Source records
------------

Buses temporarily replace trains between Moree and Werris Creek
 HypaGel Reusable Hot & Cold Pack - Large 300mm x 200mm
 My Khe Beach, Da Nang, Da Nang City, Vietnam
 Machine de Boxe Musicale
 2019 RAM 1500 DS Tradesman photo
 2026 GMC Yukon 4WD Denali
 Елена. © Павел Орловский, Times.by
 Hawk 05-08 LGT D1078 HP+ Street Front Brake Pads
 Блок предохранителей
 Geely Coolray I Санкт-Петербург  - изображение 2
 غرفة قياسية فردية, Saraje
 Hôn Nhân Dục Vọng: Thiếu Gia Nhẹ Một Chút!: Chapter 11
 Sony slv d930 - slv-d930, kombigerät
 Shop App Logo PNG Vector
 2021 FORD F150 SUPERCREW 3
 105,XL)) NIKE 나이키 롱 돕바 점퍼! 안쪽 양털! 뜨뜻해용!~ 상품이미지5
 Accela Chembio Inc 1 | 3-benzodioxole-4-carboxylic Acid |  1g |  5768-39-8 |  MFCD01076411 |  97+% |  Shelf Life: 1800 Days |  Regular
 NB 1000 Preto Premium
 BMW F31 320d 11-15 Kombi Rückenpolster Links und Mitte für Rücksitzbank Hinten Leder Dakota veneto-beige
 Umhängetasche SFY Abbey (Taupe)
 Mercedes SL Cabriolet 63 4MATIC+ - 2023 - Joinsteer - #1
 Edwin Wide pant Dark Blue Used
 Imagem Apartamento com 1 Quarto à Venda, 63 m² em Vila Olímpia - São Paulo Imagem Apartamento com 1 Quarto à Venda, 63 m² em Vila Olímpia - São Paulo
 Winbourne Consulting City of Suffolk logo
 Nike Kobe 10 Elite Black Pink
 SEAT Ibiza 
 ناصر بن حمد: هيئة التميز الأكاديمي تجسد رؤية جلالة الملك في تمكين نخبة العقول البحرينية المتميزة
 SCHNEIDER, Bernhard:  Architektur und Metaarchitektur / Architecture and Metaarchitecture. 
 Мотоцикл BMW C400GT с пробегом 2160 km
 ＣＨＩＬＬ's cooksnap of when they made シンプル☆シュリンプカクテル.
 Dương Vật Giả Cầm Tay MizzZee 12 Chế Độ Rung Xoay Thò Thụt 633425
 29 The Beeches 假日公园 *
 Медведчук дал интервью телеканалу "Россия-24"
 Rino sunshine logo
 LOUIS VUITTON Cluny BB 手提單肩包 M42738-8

------------

Exercise directions: Which of the lines above hold the word "City"? Copy each one.

Finished task:
 My Khe Beach, Da Nang, Da Nang City, Vietnam
 Winbourne Consulting City of Suffolk logo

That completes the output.